Work task:
Every line of the material is to be quoted verbatim, minus the pictures.

Provided material:
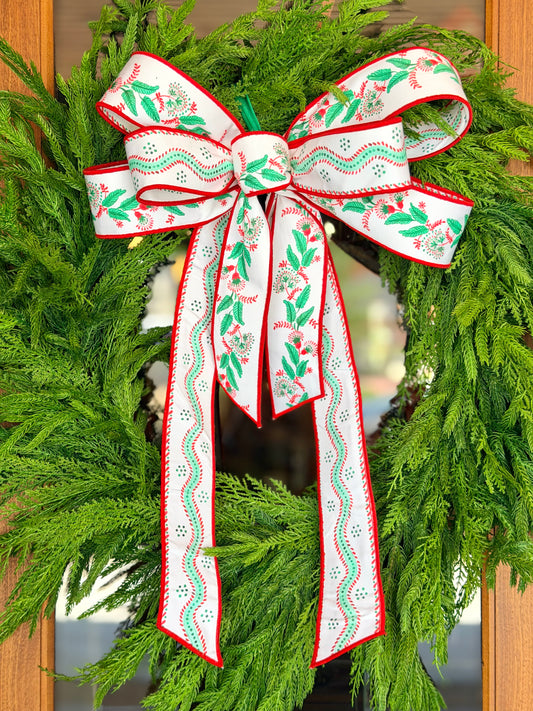 White Christmas Bow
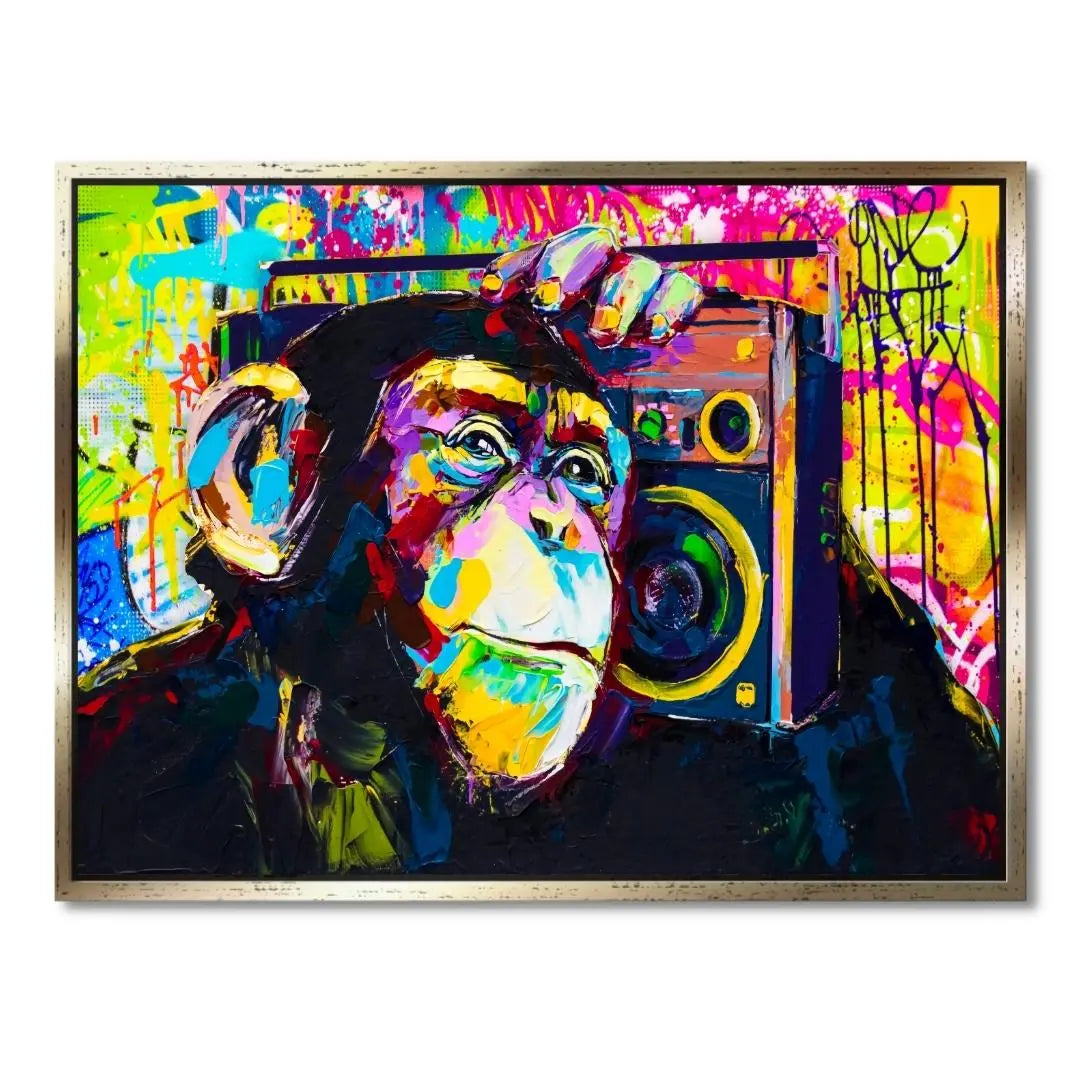 "Funny Chimp" - Art For Everyone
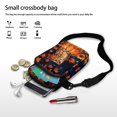 thumbnail image 7 of HELLHERO Leakproof Crossbody Small Crossbody Bags for Unisex Casual Travel Adjustable Crossbody Bag Polyester 4.33x1.97x7.09, 7 of 7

Final answer:
 White Christmas Bow
 "Funny Chimp" - Art For Everyone
 thumbnail image 7 of HELLHERO Leakproof Crossbody Small Crossbody Bags for Unisex Casual Travel Adjustable Crossbody Bag Polyester 4.33x1.97x7.09, 7 of 7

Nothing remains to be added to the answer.